EXERCISE INSTRUCTIONS:
Omit any pictures, and restate word for word only the lines from the one with "10THREADS Boys? Dinosaur" through the end of the data below.

### DATA

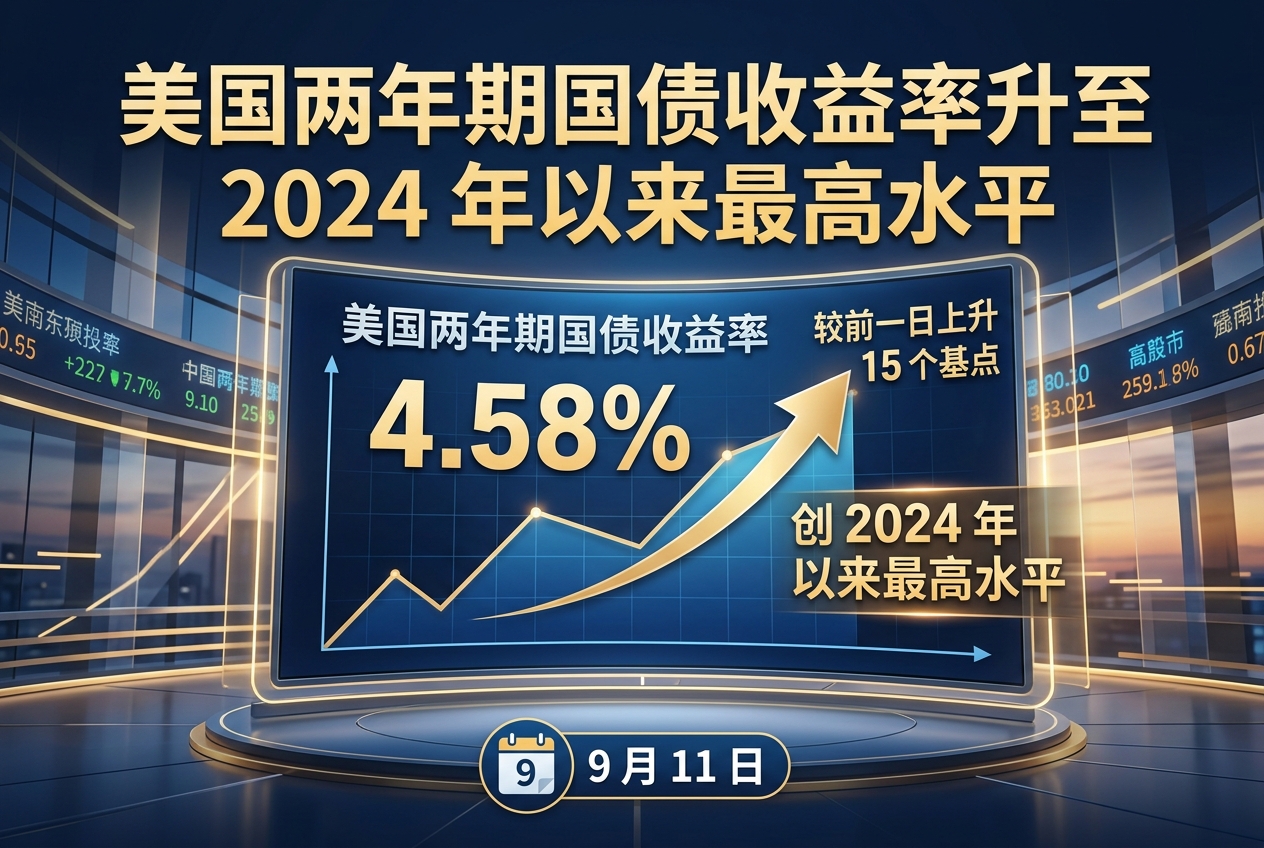 美国两年期国债收益率升至 2024 年以来最高水平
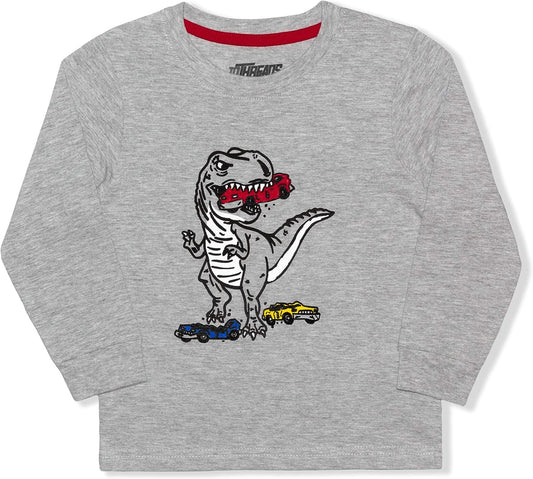 10THREADS Boys? Dinosaur Long Sleeve Shirt for Toddler and Little Kids ? Black or Grey or White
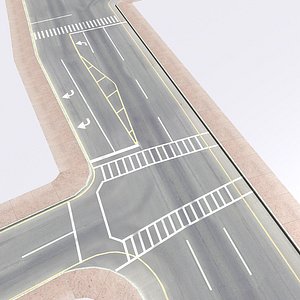 3d city crossroad highways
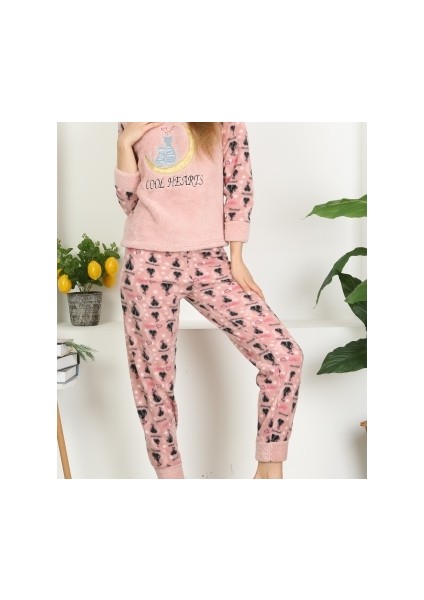 Kışlık Kız Çocuk Peluş Pijama Takım
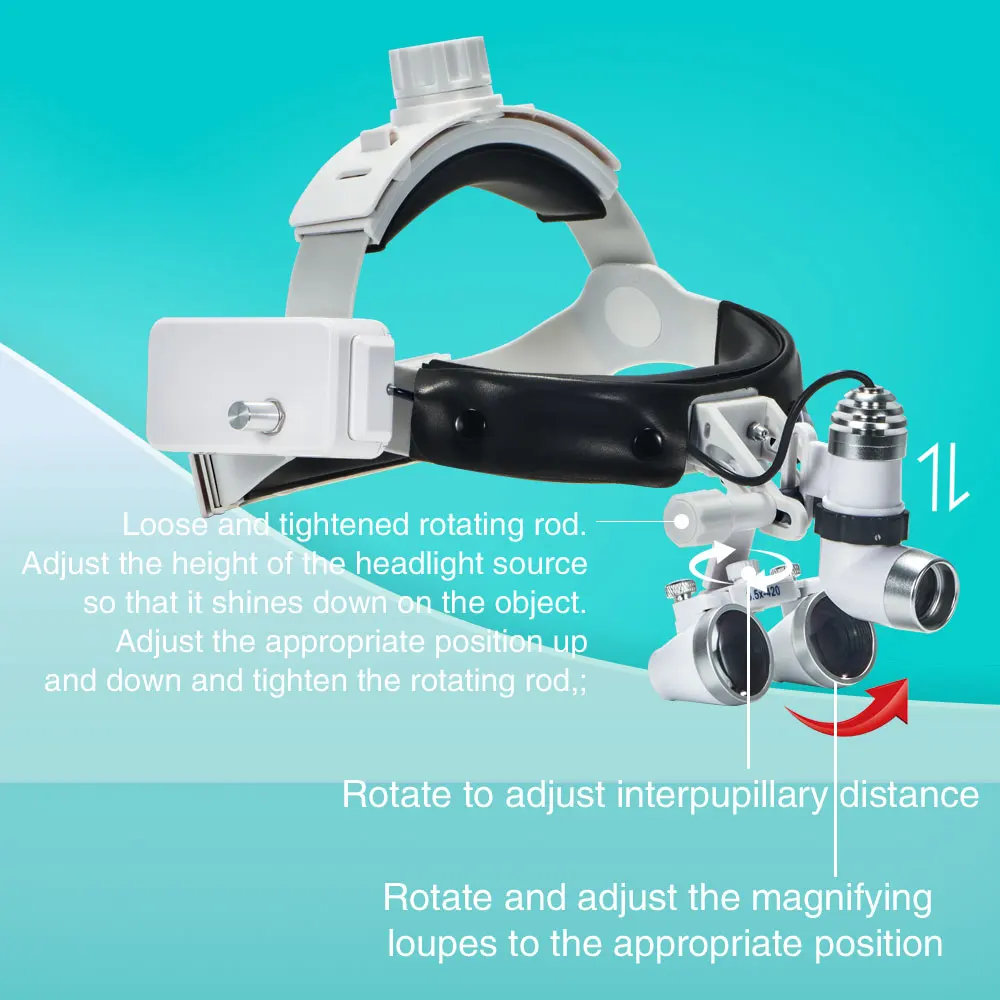 MBM Dental Magnifier with Headlight Headband Type Dental Loupes with Rechargeable Headlamp Wireless Dental Magnifying Glasses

######

EXERCISE RESULT:
 10THREADS Boys? Dinosaur Long Sleeve Shirt for Toddler and Little Kids ? Black or Grey or White
 3d city crossroad highways
 Kışlık Kız Çocuk Peluş Pijama Takım
 MBM Dental Magnifier with Headlight Headband Type Dental Loupes with Rechargeable Headlamp Wireless Dental Magnifying Glasses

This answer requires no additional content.